§ **ABOUT THIS TASK**
Reproduce precisely the lines of the listing below, starting with the line that contains "Poster Poznan Walking Route 40x50" and stopping after the line that contains "조르지오 아르마니 Giorgio"; include nothing else.

§ **RECORDS PROVIDED**
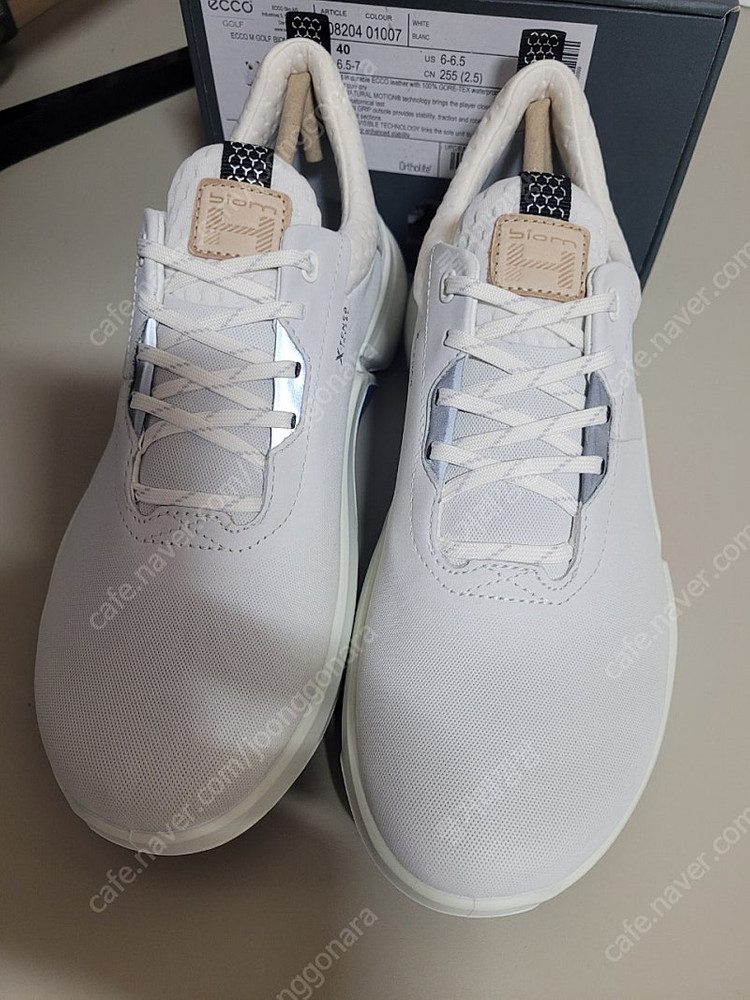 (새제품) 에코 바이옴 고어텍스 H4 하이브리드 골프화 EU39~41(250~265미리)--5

--

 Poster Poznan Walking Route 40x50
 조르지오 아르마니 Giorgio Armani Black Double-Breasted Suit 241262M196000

§ **EXERCISE SOLUTION**
 Poster Poznan Walking Route 40x50
 조르지오 아르마니 Giorgio Armani Black Double-Breasted Suit 241262M196000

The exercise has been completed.